#### WHAT TO PRODUCE
Set down the data below exactly; pictures stay out.

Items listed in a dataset
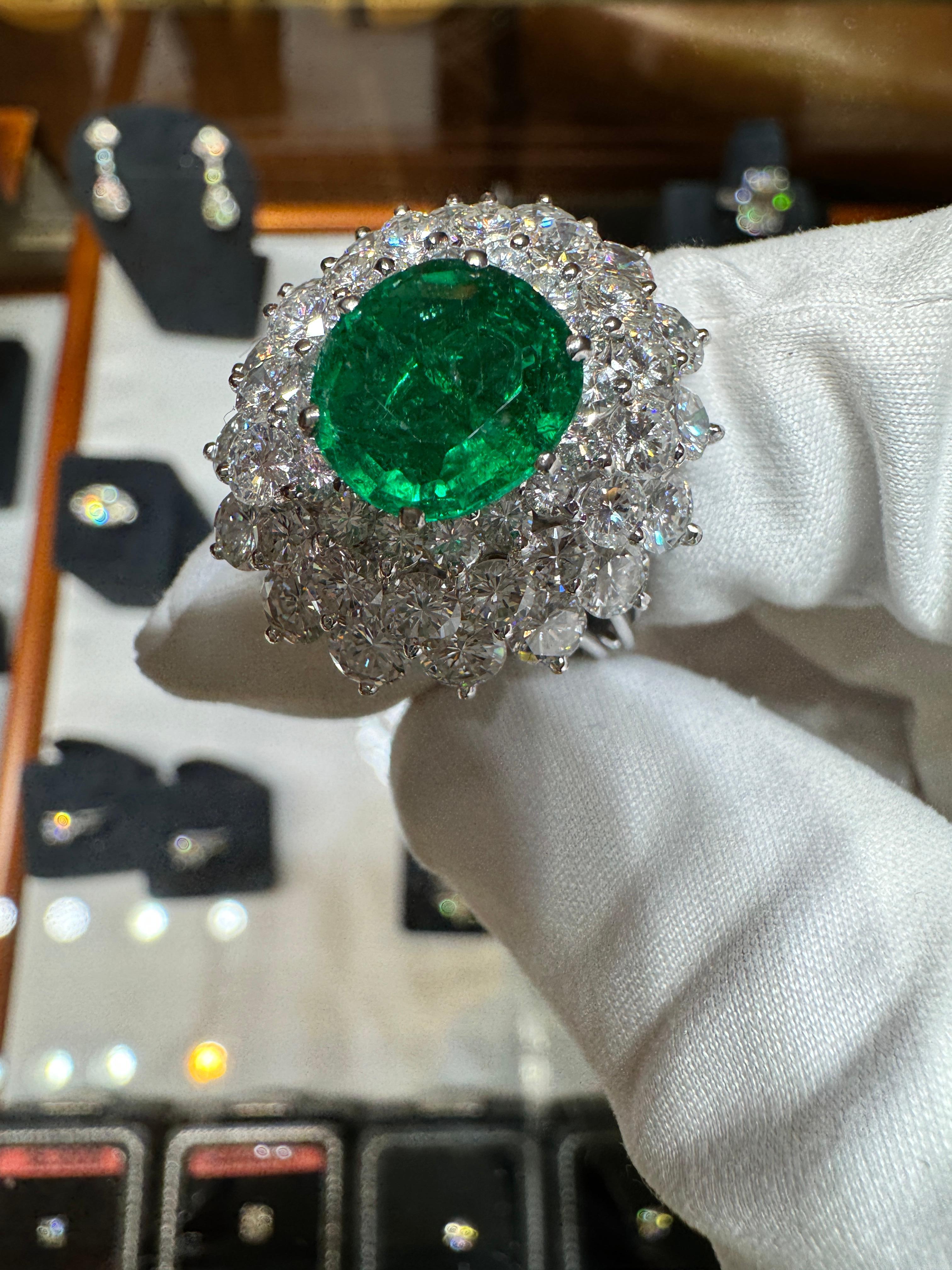 3.19 Carat Oval Cut Emerald Minor Oil & Diamond Cluster Platinum Vintage Ring For Sale 1
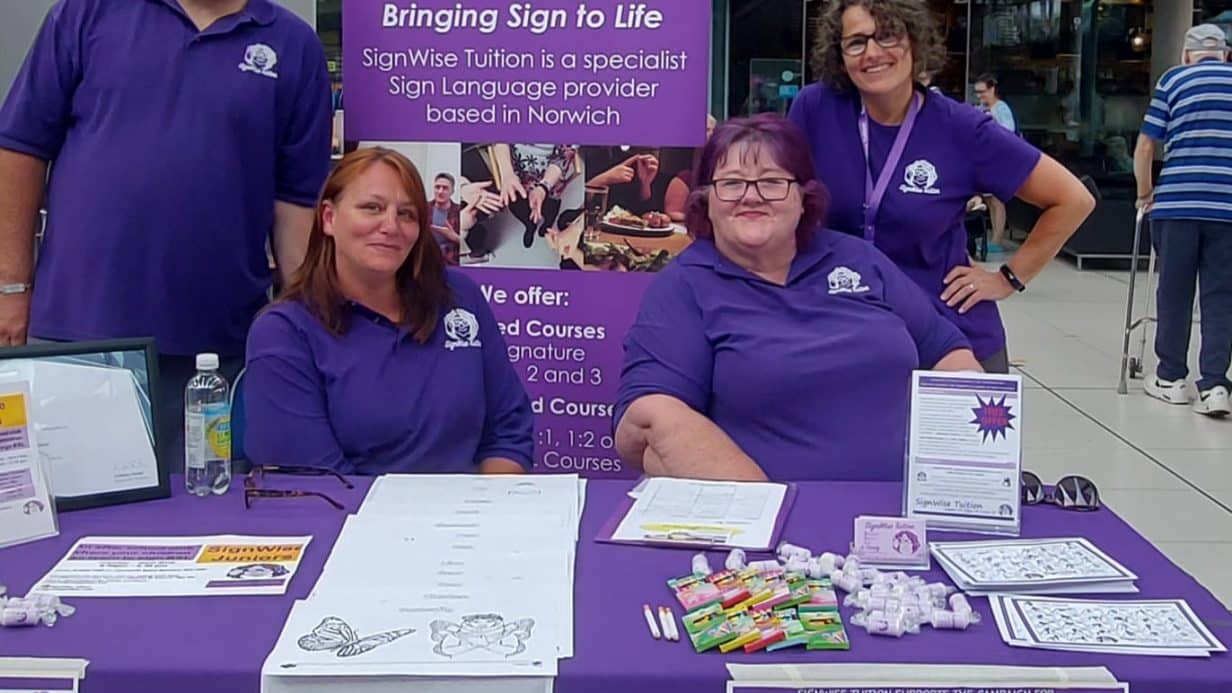 People sat around a stall wearing purple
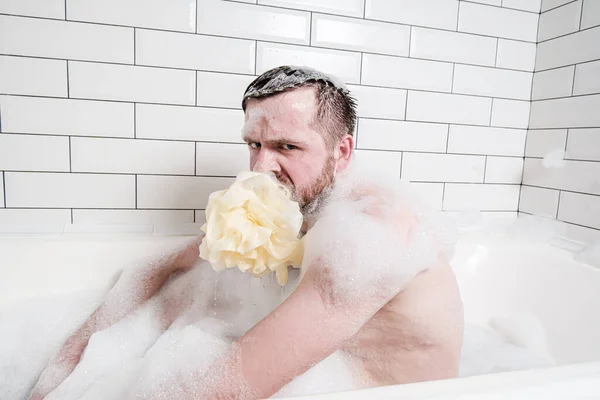 Displeased, weird man with a soapy sponge puff in mouth, sits in a bathtub with lush foam and looks angrily at the camera.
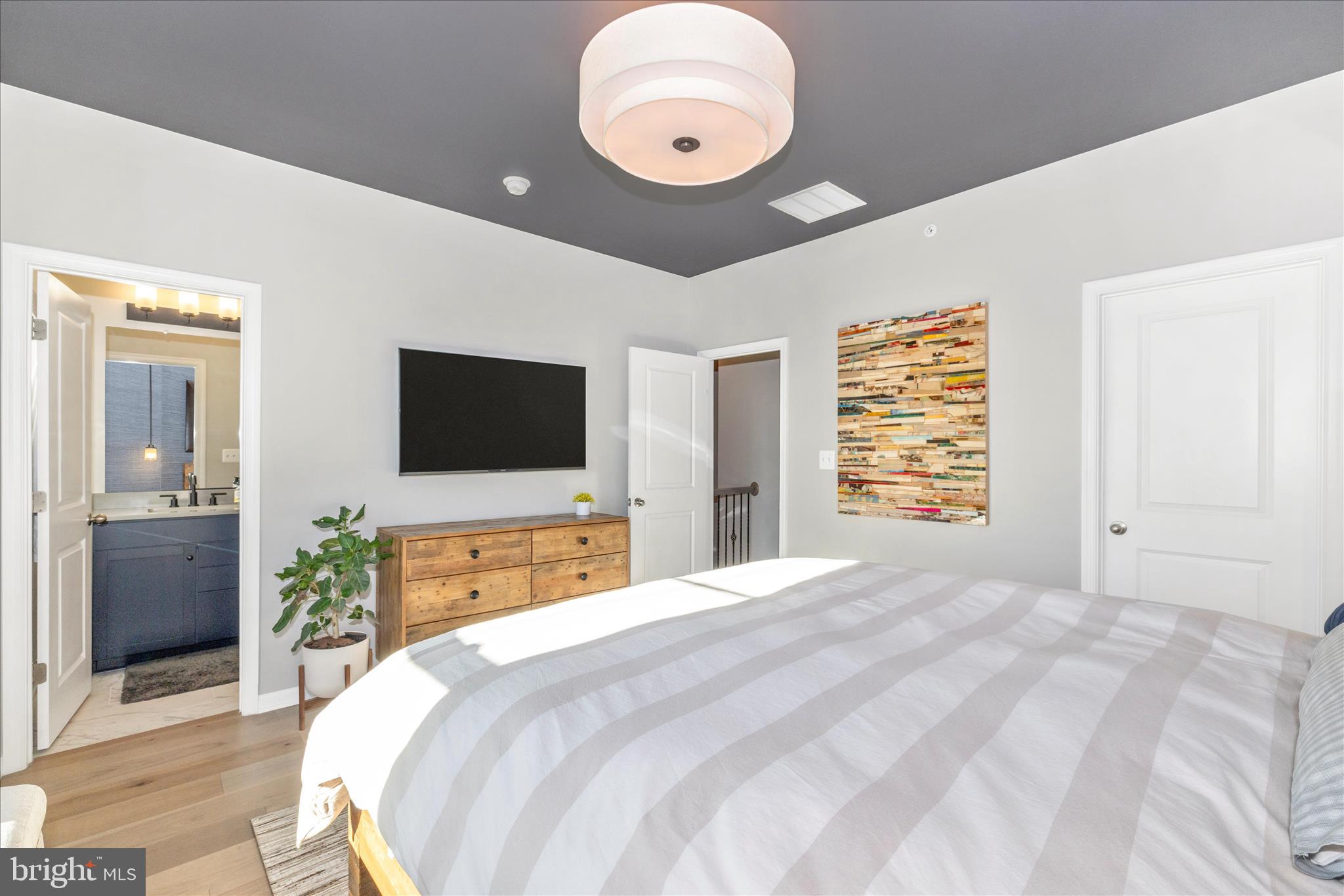 2502 Rucker Lane Frederick, MD 21701 - Photo 34 of 60 a bedroom with a bed and a flat screen tv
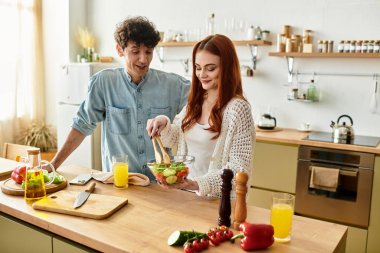 Bir çift, evlerinin mutfağında taze salata yaparak kaliteli zaman geçirmeyi seviyor..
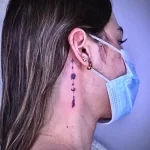 Фото тату с изображением луны, звезд и стрел на шее девушки. Минималистичный и изящный дизайн.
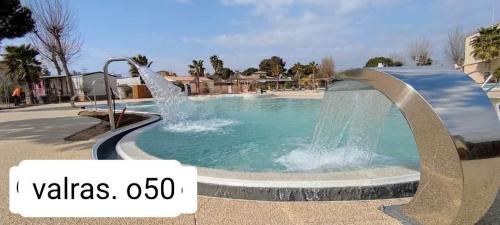 une piscine avec une fontaine au milieu dans l'établissement Mobil'home Valras, à Valras-Plage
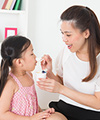 Mom feeding child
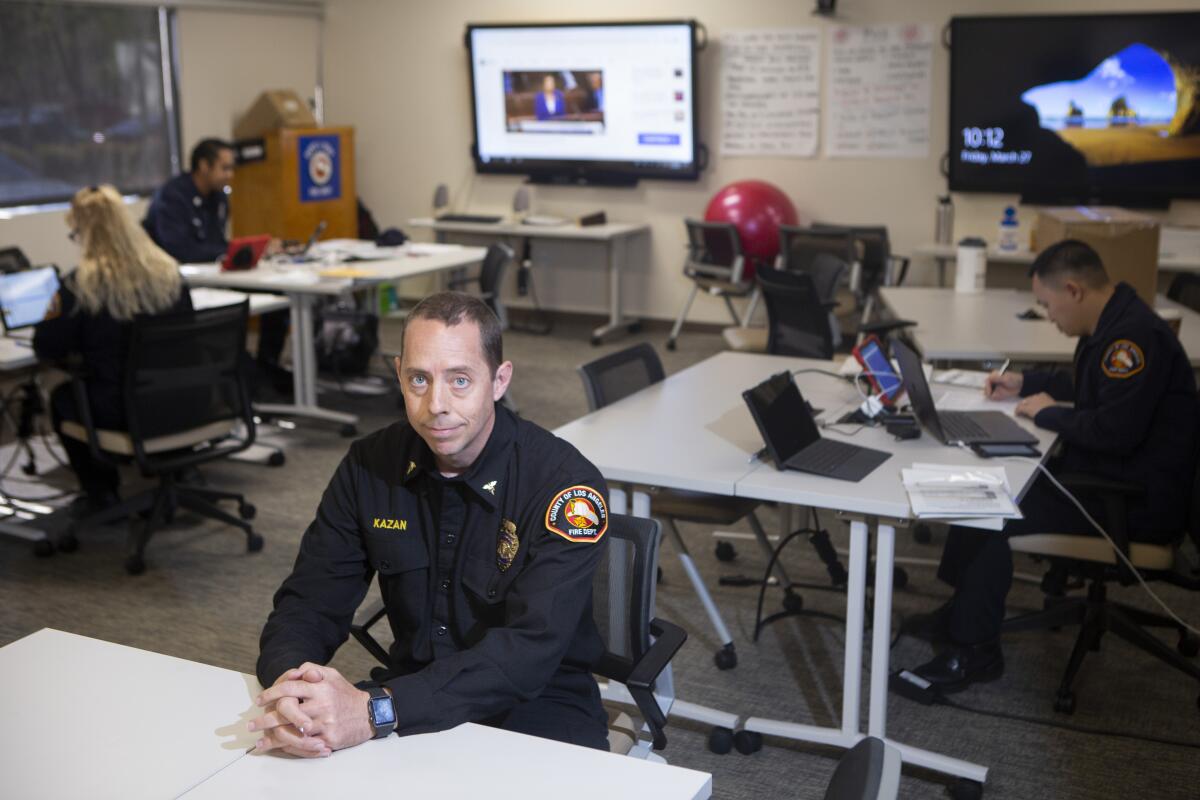 Clayton Kazan, an ER physician and medical director at the L.A. County Fire Department, at his office in Monterey Park. He is coordinating testing in the county.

#### YOUR SOLUTION
 3.19 Carat Oval Cut Emerald Minor Oil & Diamond Cluster Platinum Vintage Ring For Sale 1
 People sat around a stall wearing purple
 Displeased, weird man with a soapy sponge puff in mouth, sits in a bathtub with lush foam and looks angrily at the camera.
 2502 Rucker Lane Frederick, MD 21701 - Photo 34 of 60 a bedroom with a bed and a flat screen tv
 Bir çift, evlerinin mutfağında taze salata yaparak kaliteli zaman geçirmeyi seviyor..
 Фото тату с изображением луны, звезд и стрел на шее девушки. Минималистичный и изящный дизайн.
 une piscine avec une fontaine au milieu dans l'établissement Mobil'home Valras, à Valras-Plage
 Mom feeding child
 Clayton Kazan, an ER physician and medical director at the L.A. County Fire Department, at his office in Monterey Park. He is coordinating testing in the county.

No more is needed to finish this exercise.